Film: Paper Moon (1973)
Stars: Ryan O'Neal, Tatum O'Neal, Madeline Kahn, Randy Quaid
Director: Peter Bogdonavich
Oscar History: 4 nominations/1 win (Best Supporting Actress-Tatum O'Neal*, Supporting Actress-Madeline Kahn, Adapted Screenplay, Sound)
Snap Judgment Ranking: 5/5 stars
All week long we're looking at films from 1973, with an emphasis on Oscar-nominated films (all of which are movies I watched for the first time while on quarantine). Yesterday we talked about the Best Supporting Actor winner The Paper Chase, so it felt appropriate to bookend that movie with the Best Supporting Actress winner of that year, the youngest victor in Oscar history, Tatum O'Neal. Both, weirdly, were at the beginnings of their film acting career, though O'Neal was some sixty years Houseman's junior. Houseman had become a theater legend at that point, but in terms of film acting he'd only had two bit parts, one of which was uncredited, before he won his Oscar for The Paper Chase. O'Neal won for her first film proper, playing opposite her dad in the similarly-titled Paper Moon.
(Spoilers Ahead) The movie is about Moze Pray (Ryan O'Neal), a devilishly handsome (seriously-the elder O'Neal has never looked better) con artist who sells Bibles to widows for a profit, and a young girl named Addie (Tatum O'Neal) whose mother has recently died, and who has no one to take her to live with her aunt in Missouri. Moze is basically asked to drive Addie to the train station, but upon realizing that Moze used her dead mother to secure $200 in a con, Addie demands that he pay her back the money, and she won't leave his side until he does. Thus, an unlikely pair heads off on a road trip, and Addie quickly brings finesse to Moze's schtick, getting him more money and helping him to pull off more sophisticated cons. Along the way, they meet an exotic dancer named Trixie Delight (Kahn), with whom Moze is smitten, but Addie isn't (she quickly schemes with Trixie's maid on a way to eliminate the "competition"), and they form a bond. In the end, this is enough of a bond that even though Moze (after a botched bootlegging scheme) is broke-and-beaten-down, Addie picks a life on the road with him rather than the more secure world of her aunt's home.

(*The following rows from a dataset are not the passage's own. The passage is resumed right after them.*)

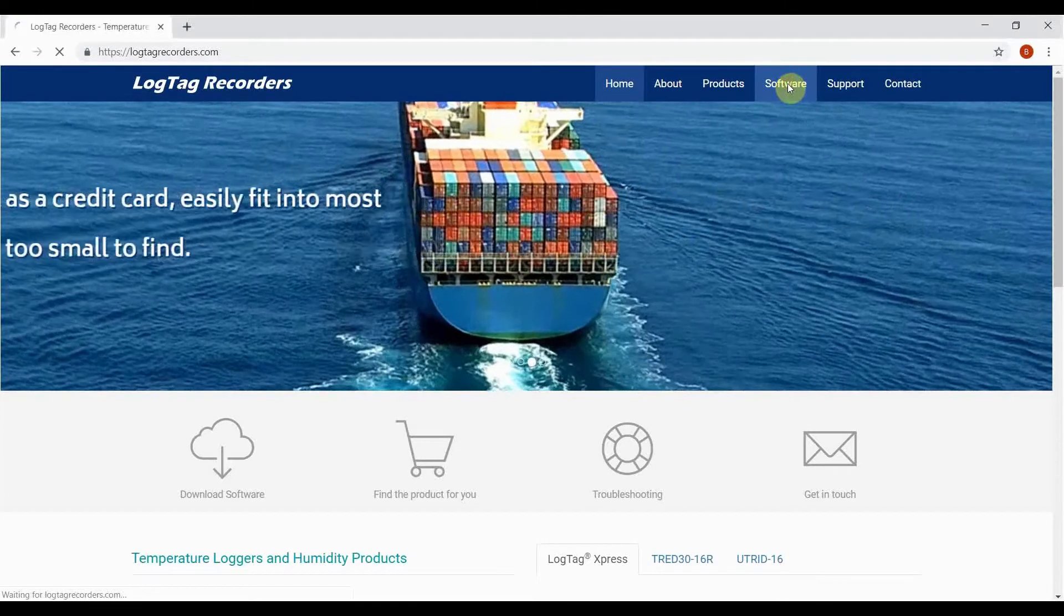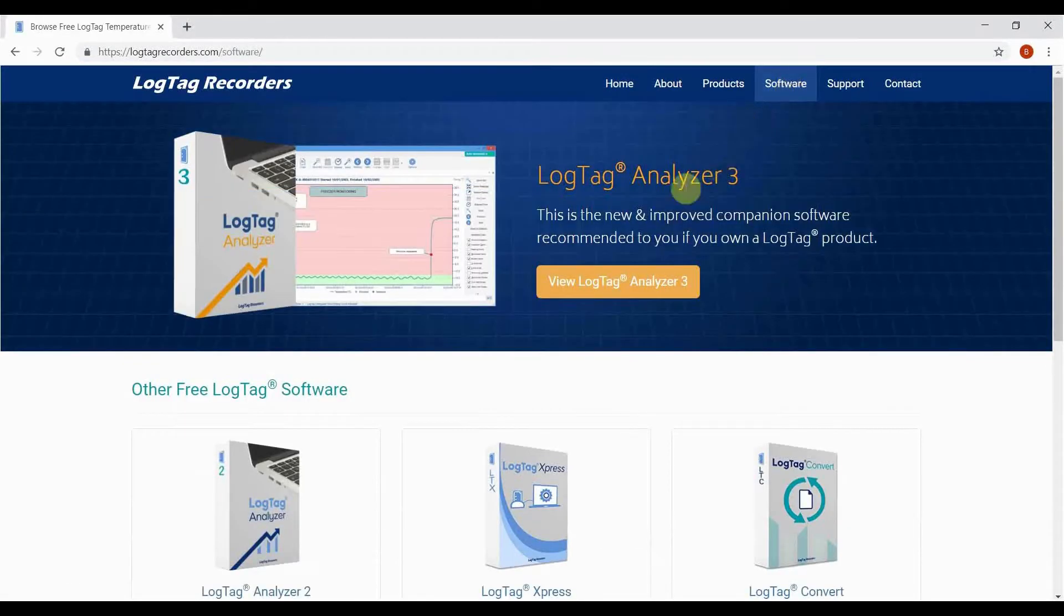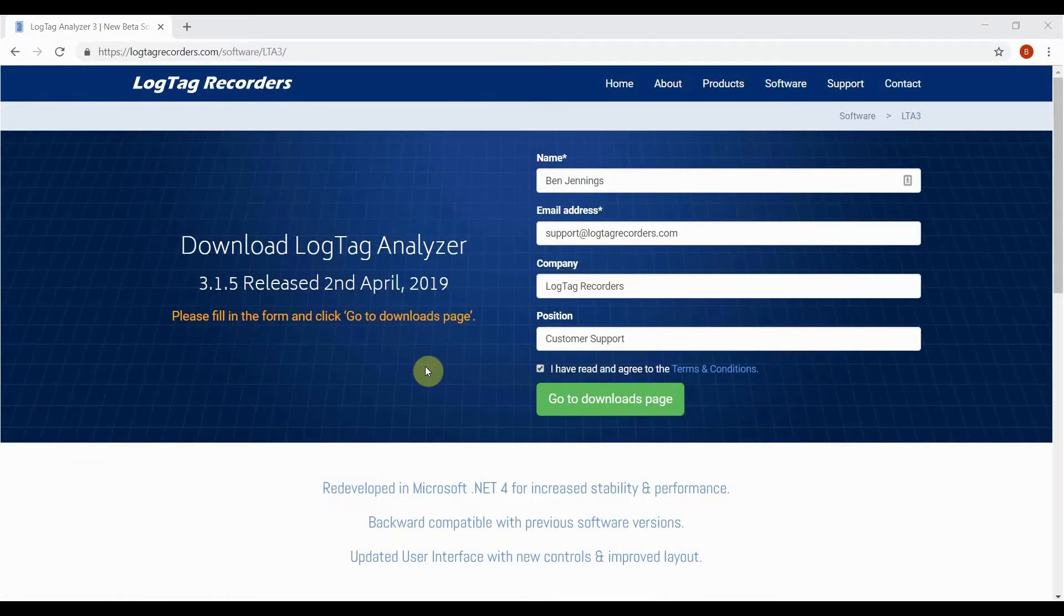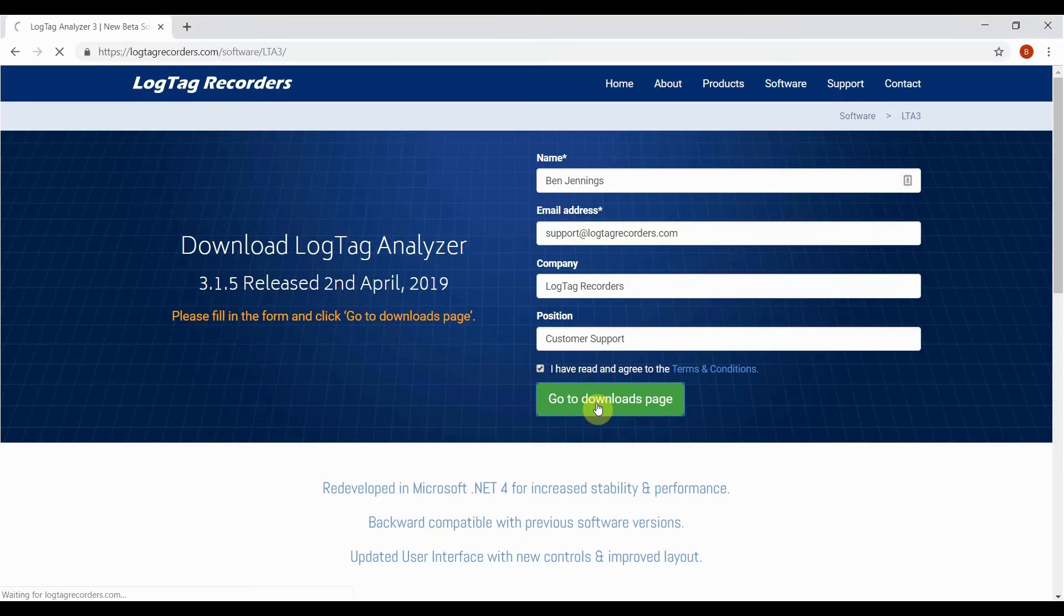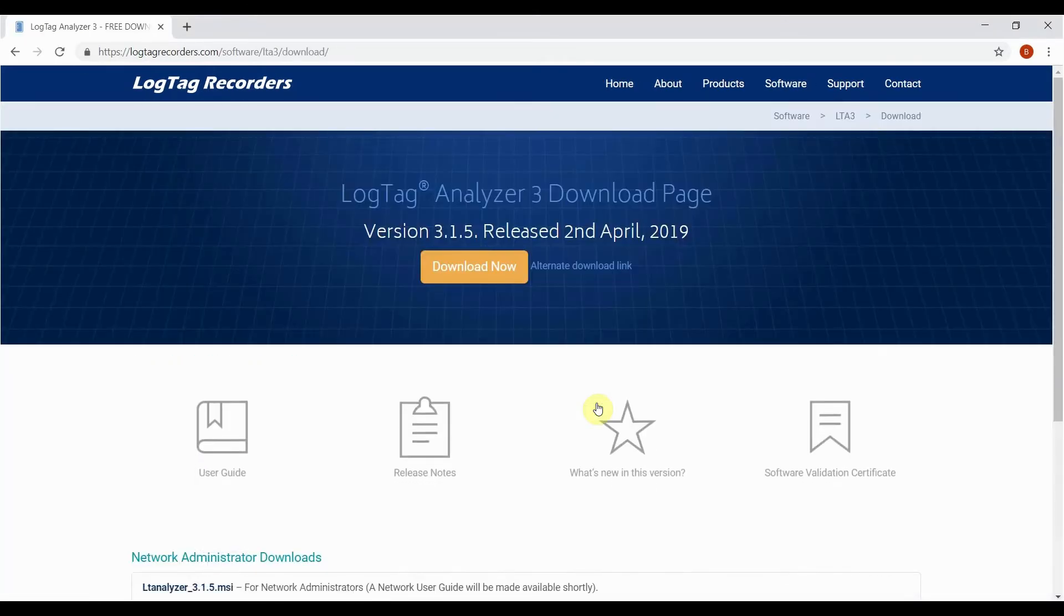Navigate to the software page and click on LogTag Analyzer 3. Enter your details into the form and click go to the downloads page. Finally, click download now and the download will begin.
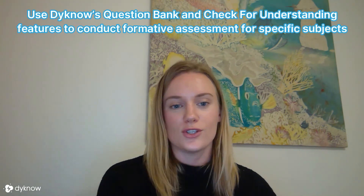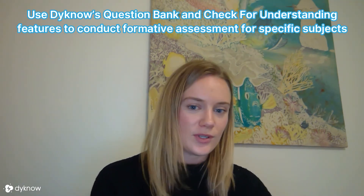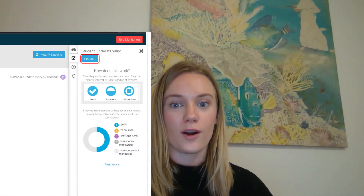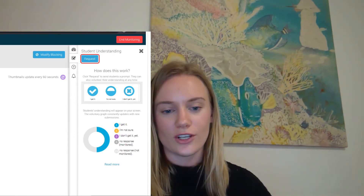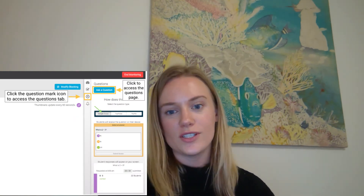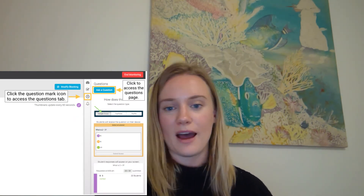Another great way to tailor Dino to different subjects is through the formative assessment tools provided within Dino — using the question bank as well as the check for understanding features. You can send out a poll during an English writing assessment to check how students are doing. On the flip side, you can create a quick math assessment using Dino's question bank, saving those questions so they're available during every math class.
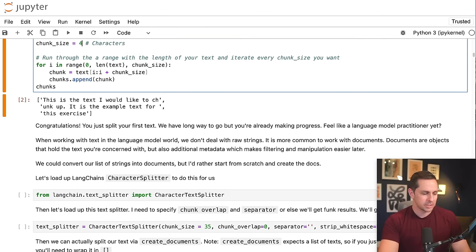We call dot create_documents, which expects a list — so we wrap our string in a list. We get back three chunks, but they look a little different from plain strings because they're actually document objects. In LangChain, a document object holds a string and can also hold metadata, which is important for more advanced techniques. The string content is held within 'page_content' — same text we had above.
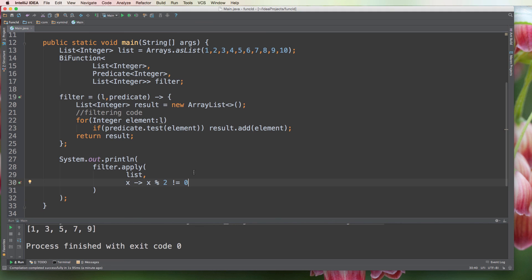I hope you guys liked this example of higher order functions in Java 8. If you liked it, please don't forget to click the like button and leave a comment, and I will see you next time.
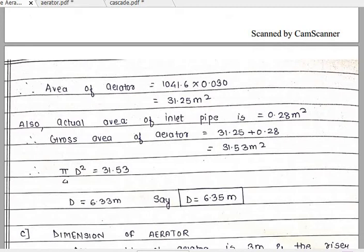Up till now we have completed two parts: the first part is the diameter of the inlet pipe at 0.6 meter, and the second part is the diameter of the bottom cascade aerator at 6.35 meter.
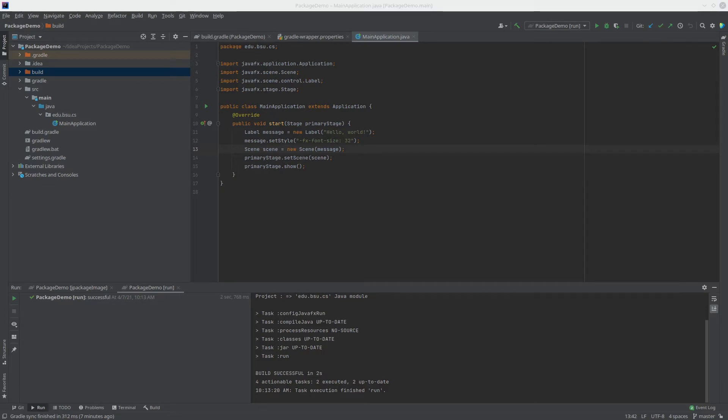About a year ago, I made a video about how to make JavaFX applications using IntelliJ IDEA and Gradle with the JavaFX plugin. That video has been pretty popular, and it's a technique I use all the time in my own work and with my students.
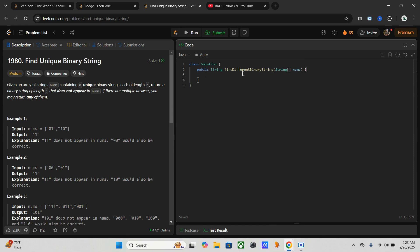First of all, we have to initialize one variable to store the result. I will use StringBuilder for that — so I'll declare a new StringBuilder.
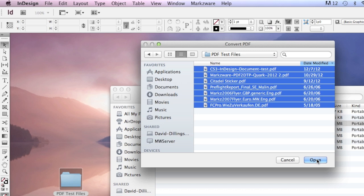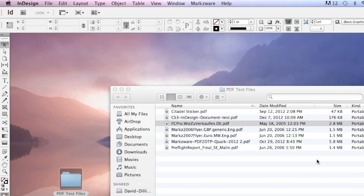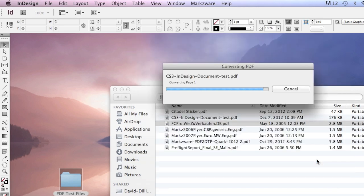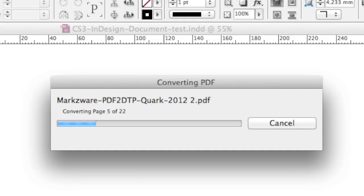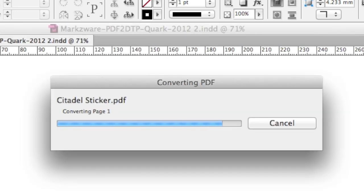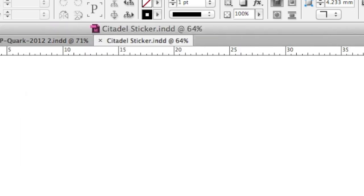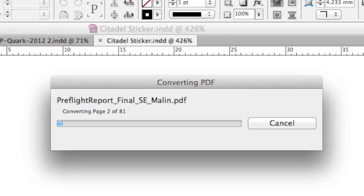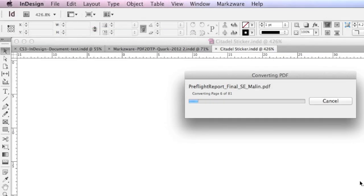One after the other, here, a 22-page document. Actually, this is a PowerPoint file made to a PDF, and now coming to InDesign.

The bulk of the film is predicated on the relationship between Addie-and-Moze, and whether or not you find it endearing or dangerous. It's pretty clear, both in casting his actual daughter (who looks like him, though in my opinion she does indeed favor her real-life mother actress Joanna Moore) and in the way they structure the film that we're meant to believe that Addie is Moze's biological child, and thus he does owe her some sort of debt outside of the monetary. This unspoken truth hangs beautifully over the movie-there's a sense of Moze realizing not just of an obligation to himself to expect more from this life, but of Addie getting a second chance on a parent after her first one dies tragically before the film commences.
The movie itself is not breaking new ground, but I loved it. Paper Moon is the kind of gemlike picture you can't stop watching, and are just engrossed in fully. It helps that the movie has a dynamo pair of leads. Ryan O'Neal has charisma, sex appeal, and just enough rascal in his Moze to make this one of his best performances. His daughter is a natural, and feeds off of that energy. It's always hard to tell how much credit you should give a child actor's performance to the director (and it's hard to get a gage on that when the director is as fascinating but immodest as Peter Bogdonavich), but O'Neal is riveting from start-to-finish. It's not remotely fair to call this a supporting part-she's in virtually every scene of the movie (I'd be willing to bet she has more screen-time than her dad), and it's the most egregious case of category fraud I've ever witnessed...but she's awesome in it. I totally get the impulse to give her this Oscar, even if when we get to the OVP write-ups I'm going to have to knock a star off of her score to put her competitors on the same field.
The film's other nominations are all well-earned too. Bogdonavich felt of the era by filming the movie in pristine black-and-white (today this would have gotten a Cinematography nomination), and it crackles with period songs & radio shows, as well as great detail in the sound work. The screenplay is a delight-quippy one-liners, it manages to feel authentic while never falling into cliche (and this is a road picture, so opportunity for cliche is blooming everywhere). It had to suck for Madeline Kahn, who is in about 12 minutes of the movie, to compete against someone in her own movie that was in so much of the picture, but she still brings finesse. There's a wonderful moment where she's trying to win over Addie, and in the process delivers a summary not just of the tricks that you know she's tried on other girl's with handsome fathers, but soon she starts confessing the problems of her life, how men never seem to stick around, even when she hopes they will. It's the sort of character work that Kahn would bring to all of her performances (such a brilliant actress), and might have even won her an Oscar...were it not for the little girl she finally convinces to smile taking up the rest of the movie.